Anda por aí uma justa discussão sobre uma proposta do Governo para alargar os limites das adjudicações directas de obras públicas, com argumentos de eficácia e rapidez.
Esta discussão fez-me lembrar o enorme esforço de desmantelamento da legislação de ordenamento do território (e gestão dos recursos naturais) que tem vindo a ser feito por este Governo (honra lhe seja, não tem sido o único, tem apenas sido o mais pertinaz), também com argumentos de eficiência económica e coisas que tal.
Grande parte da argumentação usada nestas discussões vem de uns estudos sobre a produtividade nacional que identificam a burocracia como um dos maiores entraves à produtividade do país (curiosamente o primeiro dos factores identificados, muito acima da burocracia, é a informalidade da economia, mas ninguém parece ter dado por isso).
Para além da alteração das regras (algumas destas alterações justas e adequadas, outras verdadeiros desastres para o património natural do país) o Governo tem multiplicado os regimes de excepção fundamentados no interesse nacional. Mas curiosamente tem feito muito pouco, bem pelo contrário, na responsabilização dos seus agentes pelo incumprimento das regras estabelecidas.
Durante a primeira parte da legislatura, por exemplo, o que era fundamental era aprovar resorts residenciais, o novo ómega do turismo português, mesmo que perdendo-se algumas coisas pelo caminho (com o que se ganharia depois compunha-se e melhorava-se o que havia antes).
Senti pois uma espécie de mão a entrar-me pela carteira quando vi um dia destes uma notícia do Público sobre o reforço que era pedido (e a que o Ministro da Economia e Secretário de Estado do Turismo prometiam corresponder) de promoção nos países de origem dos potenciais investidores , com verbas públicas, dos resorts que precisam de vender segundas habitações. Parece que há empreendimentos a mais e faltam compradores (curiosamente o movimento ambientalista gasta a energia toda a contestar as decisões administrativas de autorização dos resorts, às vezes com razão, atirando o ónus político para o Ministério do Ambiente, com meia razão, mas não parece empenhado em aumentar o ónus político do Ministro da Economia quando resolve financiar com dinheiros públicos a comercialização dos resorts contestados).
Senti-me como quando descobri que ao não aumentar a portagem da ponte 25 de Abril o governo tinha aceitado a obrigação de pagar à Lusoponte a quebra de receitas e, hélas, pagar à Fertagus pela quebra dos passageiros do comboio, isto é, a decisão de não aumentar a portagem corresponde a um encargo duplo do Estado que financia a deslocação em automóvel privado em detrimento do transporte colectivo de comboio.
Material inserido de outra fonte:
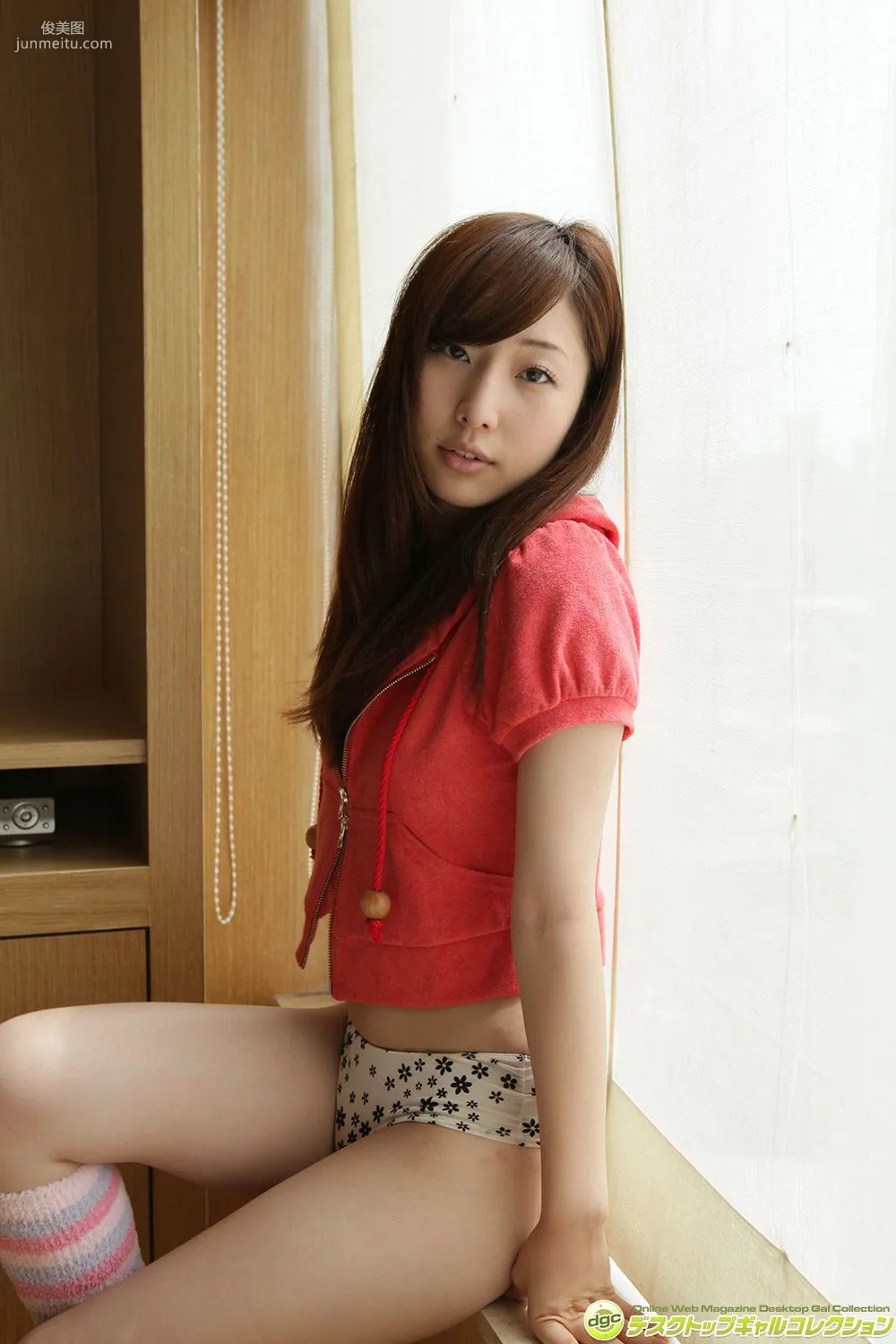 相田あずさ《スレンダーなボディと魅惑的バストが眩しい》写真集 [DGC] NO.1277 2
Esta decisão que se irá tomar para facilitar as adjudicações directas é uma decisão do mesmo tipo das anteriores: um fim virtuoso que justifica meios reconhecidamente permeáveis à ineficiência e corrupção mas que são indispensáveis naquela situação concreta.
No fundo, no fundo o país, não apenas o Governo, acha que chumbar um projecto, deixar aos promotores o ónus e a responsabilidade das suas próprias decisões, assumir os riscos de manter as regras que justificaram inicialmente os projectos são tudo empecilhos para a actividade económica.
O país acha que as regras devem ser adaptadas permanentemente e revistas em função da resolução de problemas concretos. Ainda por cima o país tem métodos de produção das regras que são opacos e pouco transparentes, não havendo a obrigação de publicitação prévia das propostas de lei que vão a Conselho de Ministros, essa deveria ser a regra, que poderia ter excepções fundamentadas, nem dos actos administrativos constitutivos de mais valias para particulares, como as suspensões de planos ou as declarações de relevante interesse nacional.
O país acha que a lei e as regras são para os outros e cada um de nós confia mais na justeza no seu julgamento sobre a bondade de cada iniciativa que na aplicação de regras definidas abstractamente.
Ou seja, o país não acredita que a lei deve ser definida em abstracto e aplicada rigorosamente aos casos concretos.
O país acha que os resultados são mais importantes que os processos.
É obra mas conseguimos ter o pior dos dois mundos: a pobreza e o país rebentado.